Bu fikir hoşuma gitmişti.
"Tamam nenem" bu sözlerimden sonra Yade Piroz ayaklanıp adamlardan birisine beni götürmesini emretti.
Arabaya yerleşip heyecanla hastaneye gitmeyi bekledim. Şoförde binince hastaneye yol aldık. Nasıl geldiğimizi anlayamamıştım bile, hızlı adımlarla hastaneye yöneldim. Randevu almadığımdan dolayı biraz beklemek zorunda kaldım. Odaya girdiğimde beni genç bir bayan doktor karşıladı. Yüzünde sıcak bir tebessüm vardı. Elini uzatıp;
"Merhaba ben doktor Hale"dedi. Bende elini sıkıp;
"Bende Havin Kozan" dedim. Elimi bıraktıktan sonra masasının önünde ki koltukları gösterip;
"Şöyle oturun."
Dediğini yapıp sağdaki koltuğa oturdum. Tam konuşacaktım ki Hale hanım sözümü kesip;
"Durun tahmin edeyim, hamile olabileceğinizden şüpheleniyorsunuz"dedi.
Bende dediğine gülerek karşılık verdim. Açıkçası biraz utanıyordum. Yerinden kalkıp;
"Sizi şuraya alalım" diyerek beni eliyle sedyeye yönlendirdi. Sedyeye yönelip uzandım. Hale hanımın yüzünde çok sıcak bir tebessüm vardı. Gerçekten çok samimi biriydi, oldukça da güzeldi. Uzun kahve saçları onunla uyumlu açık kahve gözleri ve esmer teniyle bütünlük oluşturmuştu. Düşüncelerimi Hale hanımın sesi bozdu;
"Şimdi Havin’ciğim karnını açman gerekecek" dediğinde karnımı açtım. Karnıma soğuk bir jel sürmüştü hafif irkilmiştim. Elinde ki aleti karnımda gezdirmeye başladı, dikkatle ekranı izliyordu.
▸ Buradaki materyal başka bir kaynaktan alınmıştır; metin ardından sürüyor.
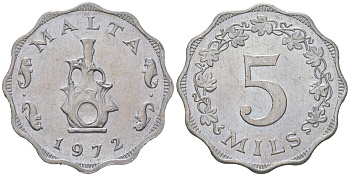 Мальта 5 милей 1972 KM 7 алюминий aUNC 4511-243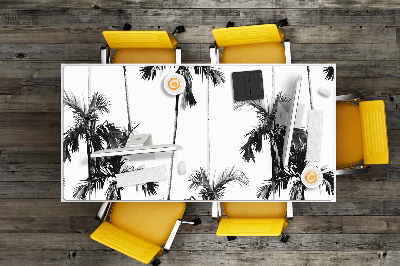 Desk mat Black and white palm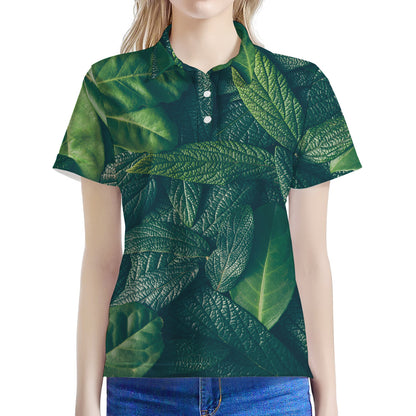 Green Leaves Print Women's Polo Shirt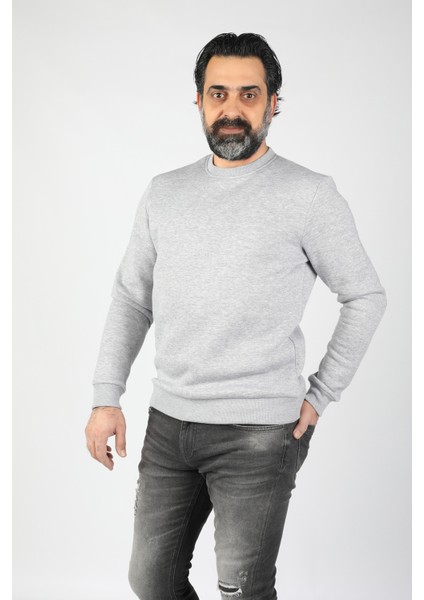 Erkek Sıfır Yaka Ribanalı 3 Iplik Sweatshirt Gri fırsatları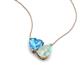 4 - Zuri 1.35 ctw Heart Shape Blue Topaz with Pear Shape Opal Toi Et Moi Women Pendant Necklace 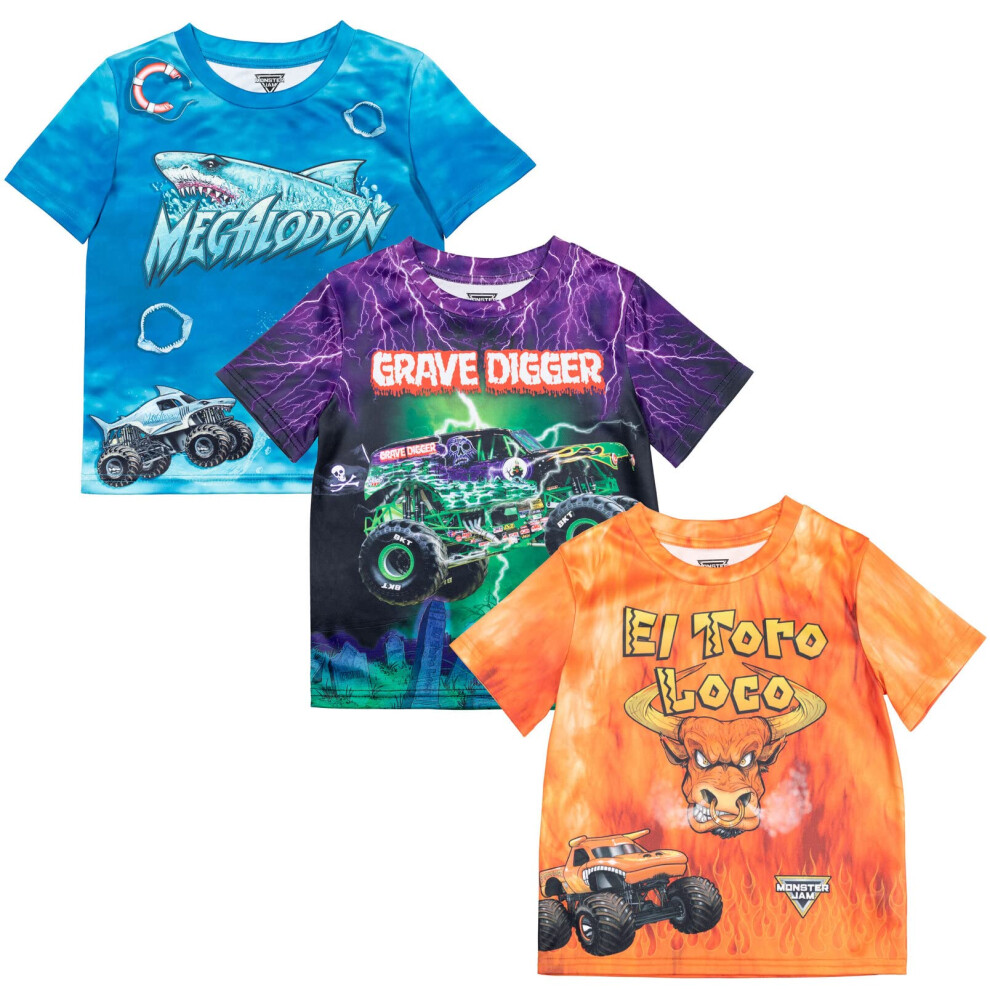 Monster Jam Megalodon El Toro Loco Grave Digger Monster Truck Toddler Boys 3 Pack TShirts OrangePurpleBlue 4T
Yüzündeki hafif bir tebessümle bana dönüp;
"Tebrik ederim, üç haftalık hamilesin!" demesiyle sağ gözümden bir damla yaş süzüldü, bir rivayete göre ilk göz yaşı sağ gözünden akarsa mutluluktanmış, buna daha da çok inanmaya başlamıştım. Hale hanım bana bakıp;
"Şimdi de bebeğimizin durumuna bakalım" dedi ve tekrar işine döndü. İşi bitince bana az öncekinden daha ciddi bir ifadeyle ;
"Karnınızı silin Havin hanım sizinle bir şey konuşmam gerek."
Sözleriyle telaşlanıp karnımı sildim ve aceleyle Hale hanıma yöneldim. Bebeğime bir şey mi olmuştu? Onu şimdiden benimsemiştim. Koltuğa oturduğumda Hale Hanım söze başladı;
"Havinciğim bünyen çok zayıf, doğal olarak düşük yapma oranın yüksek, çok dikkatli olmalısın."
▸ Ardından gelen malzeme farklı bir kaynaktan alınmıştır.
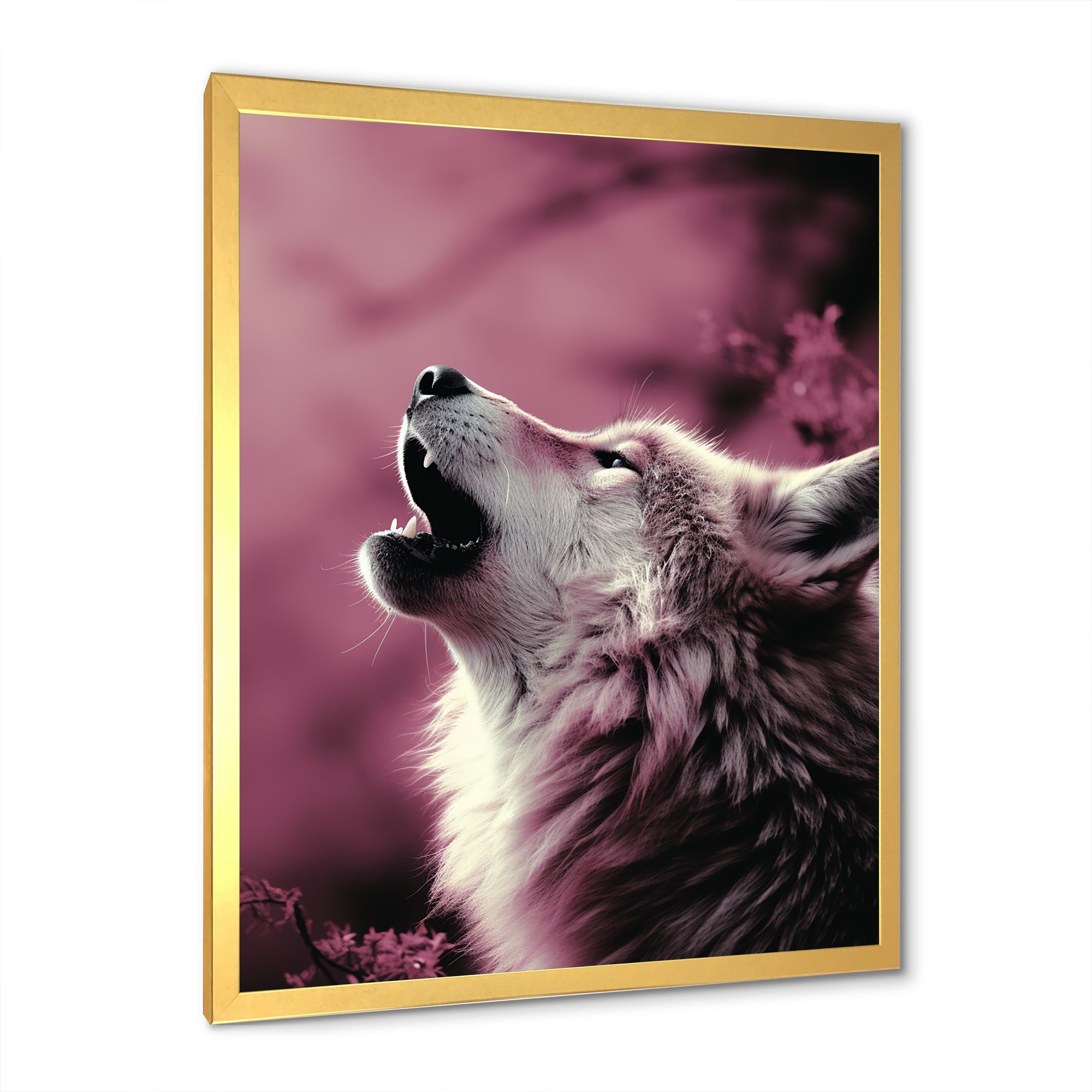 Pink Howling wolf at sunset - Wolf Wall Decor
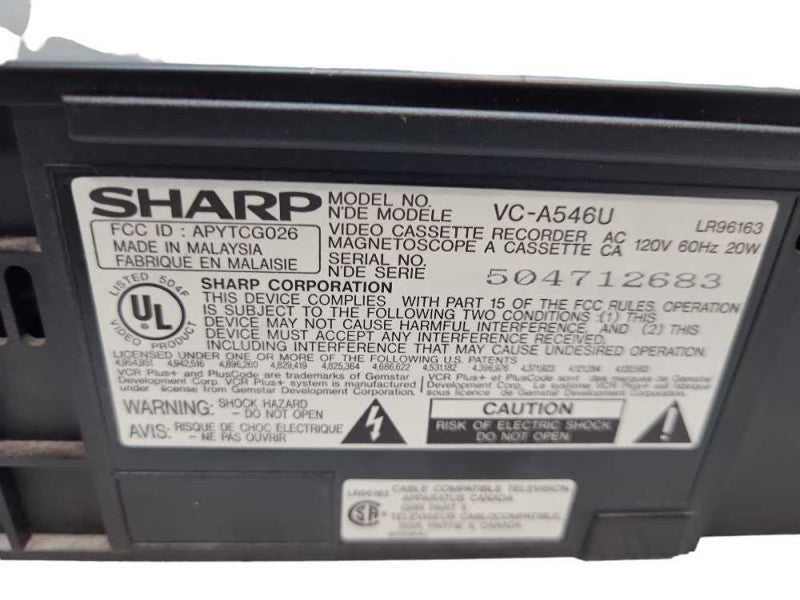 Sharp VCR Video Player VC-A546U Vintage &
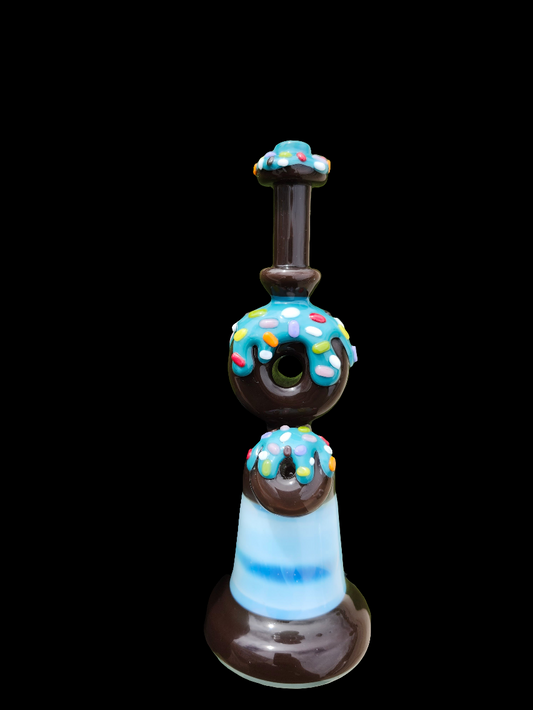KBG GLASS " CHOCOLATE/AQUA AZUL" MINI TUBE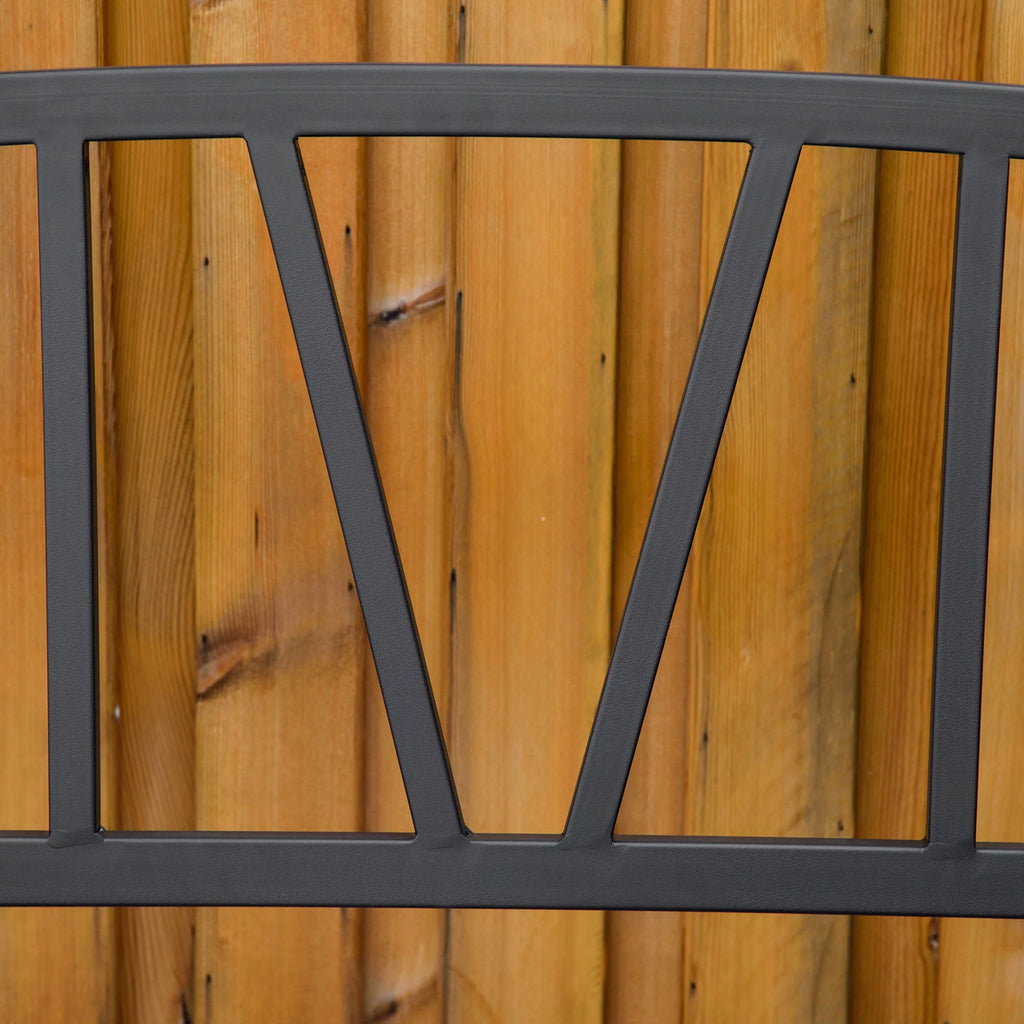 Black Metal Garden Bench with Armrests G13178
Geçekten çok endişelenmiştim, bebeğimi kaybedemezdim , o benim canımdandı. Oturduğum koltukta dikleşip;
"Ona bir şey olmasına asla izin vermem daha dikkatli olacağımdan emin olabilirisiniz."Hale hanım tekrar eski tebessümünü takınıp;
"Sen çok iyi bir anne olacaksın, onu bu kadar çabuk kabullenmen gerçekten çok hoş."
Ona tebessüm etmekle yetindim.
Odada işim bitince Hale hanıma teşekkür edip hastanenin çıkışına yöneldim. Tabii birde çıkarken ultrason kağıtlarını almayı unutmamıştım. Aslında ilk başta tek olduğum için üzülmüştüm ama içimde bir can taşıdığımı öğrenince üzüntüden eser kalmamıştı. Hastaneden çıktığımda şoförü göremedim bu yüzden biraz bekledim ama hâlâ yoktu. Halbuki bana burada bekleyeceğini söylemişti. Arkamdan gelen tanıdık sesle kafamı arkaya çevirdim.
"Havin." Bu Alaz’dı, onu gördüğüme şaşırmıştım.
"Sen ne yapıyorsun burada? "
"Asıl sen ne yapıyorsun hastanede?" Dedi. Sesinde merak vardı.
"Hiç üşütmüşüm onun için geldim."
"Bana yalan söyleme, hani o kocan? Hastaneye bile getirmiyor karısını." Açıkçası bu lafına üzülmüştüm. Şu an Baran’ı gerçekten yanımda istemiştim.
"Onun işleri vardı."
"Her neyse hadi gel seni eve bırakayım."
"Hayır hayır şoför gelir birazdan ben onunla giderim."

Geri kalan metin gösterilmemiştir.